- Records drawn from a dataset -
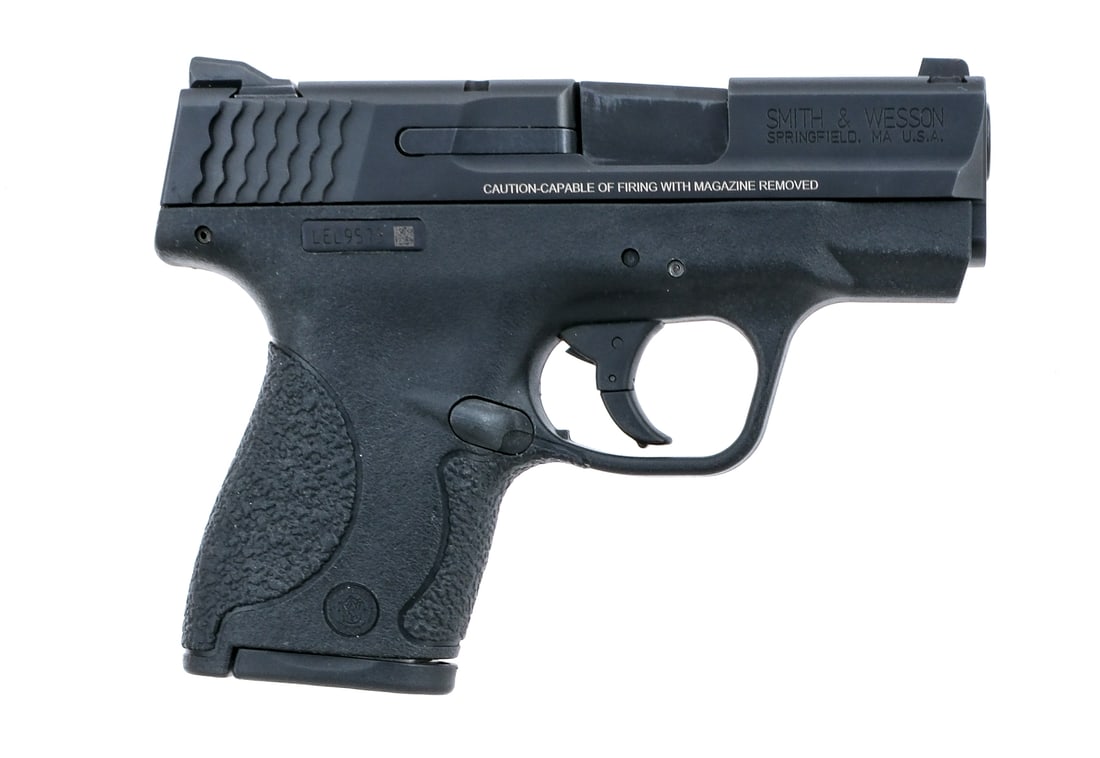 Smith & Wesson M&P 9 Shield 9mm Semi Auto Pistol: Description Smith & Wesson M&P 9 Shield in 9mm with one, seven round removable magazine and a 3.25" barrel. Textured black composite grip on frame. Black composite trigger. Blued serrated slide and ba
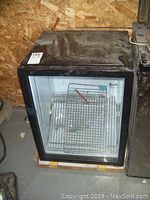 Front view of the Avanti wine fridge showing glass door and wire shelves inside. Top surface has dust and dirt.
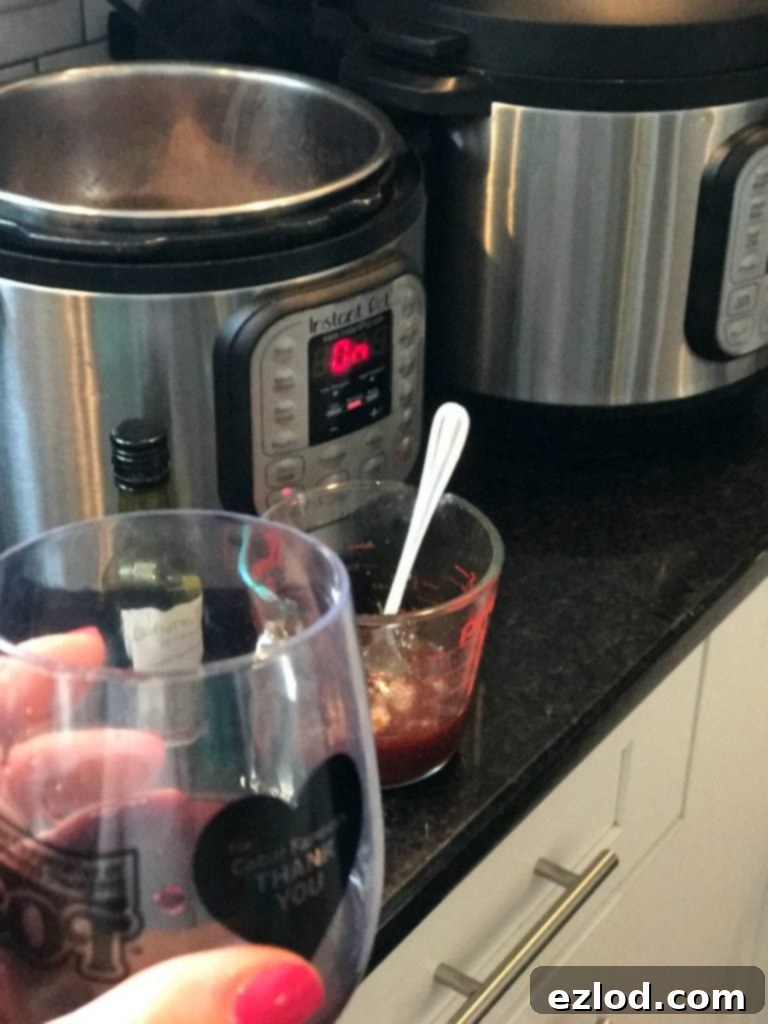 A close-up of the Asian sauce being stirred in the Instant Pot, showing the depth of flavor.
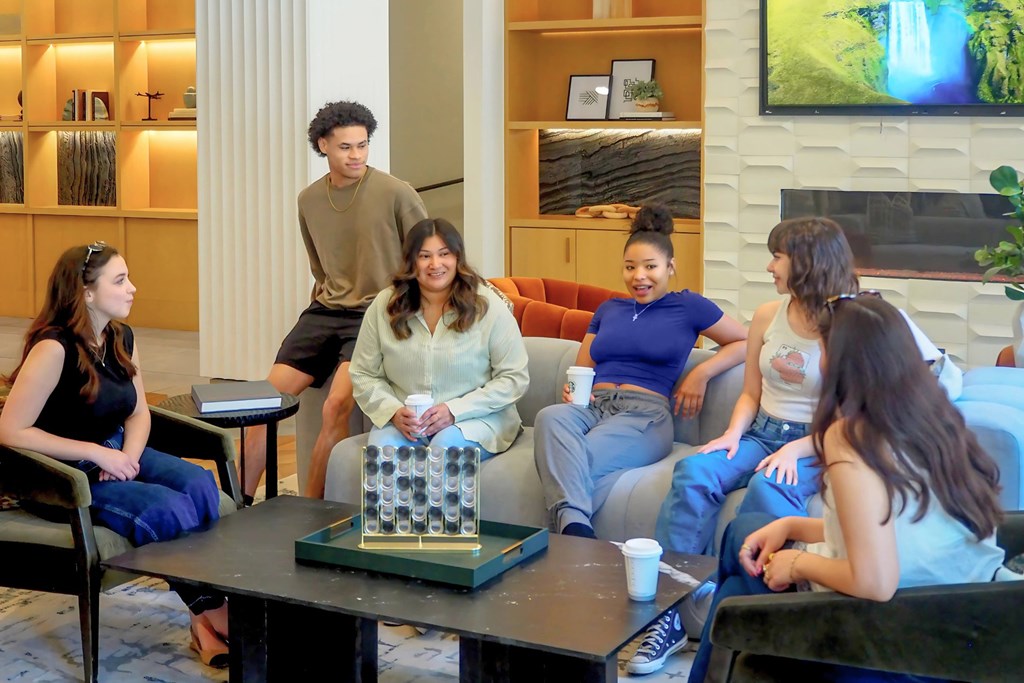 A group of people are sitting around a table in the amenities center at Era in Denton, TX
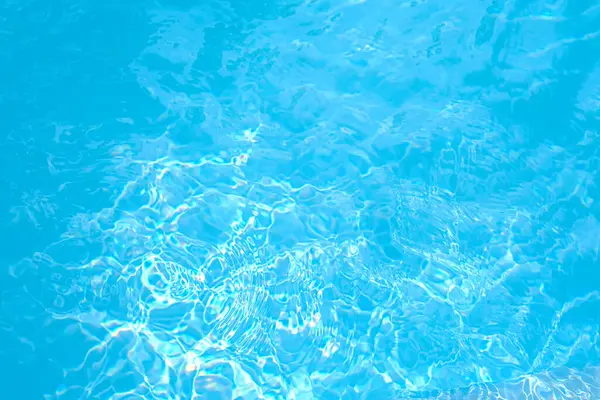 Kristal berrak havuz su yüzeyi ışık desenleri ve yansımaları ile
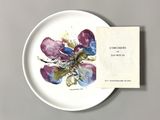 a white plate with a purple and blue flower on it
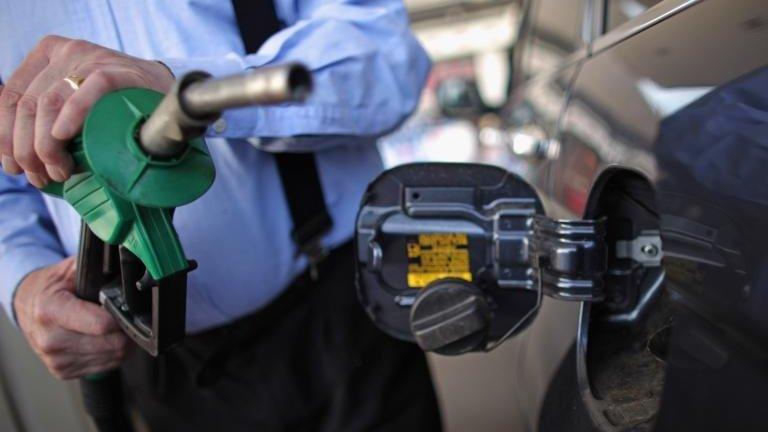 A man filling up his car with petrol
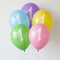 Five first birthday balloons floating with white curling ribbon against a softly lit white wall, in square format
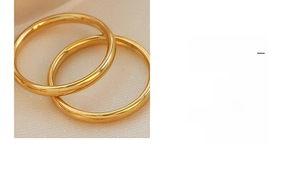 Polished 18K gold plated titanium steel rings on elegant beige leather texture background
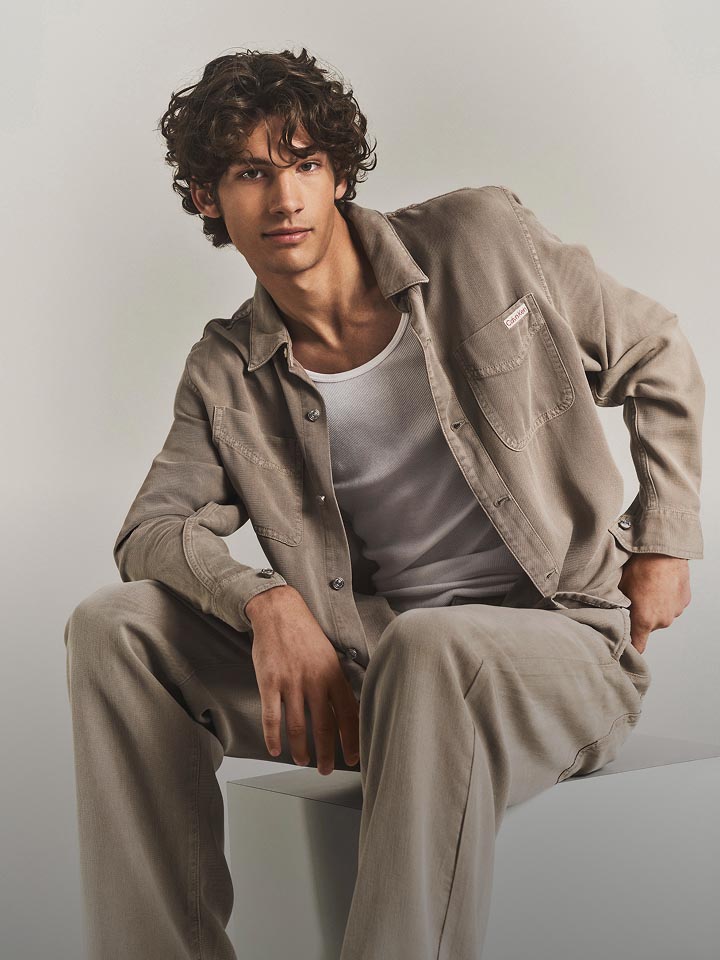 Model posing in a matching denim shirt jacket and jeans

- GOAL OF THE EXERCISE -
Repeat exactly the lines from the one containing "Polished 18K gold" to the last line of the data above, both included, and write no pictures into the copy.

- REPLY TO THE EXERCISE -
 Polished 18K gold plated titanium steel rings on elegant beige leather texture background
 Model posing in a matching denim shirt jacket and jeans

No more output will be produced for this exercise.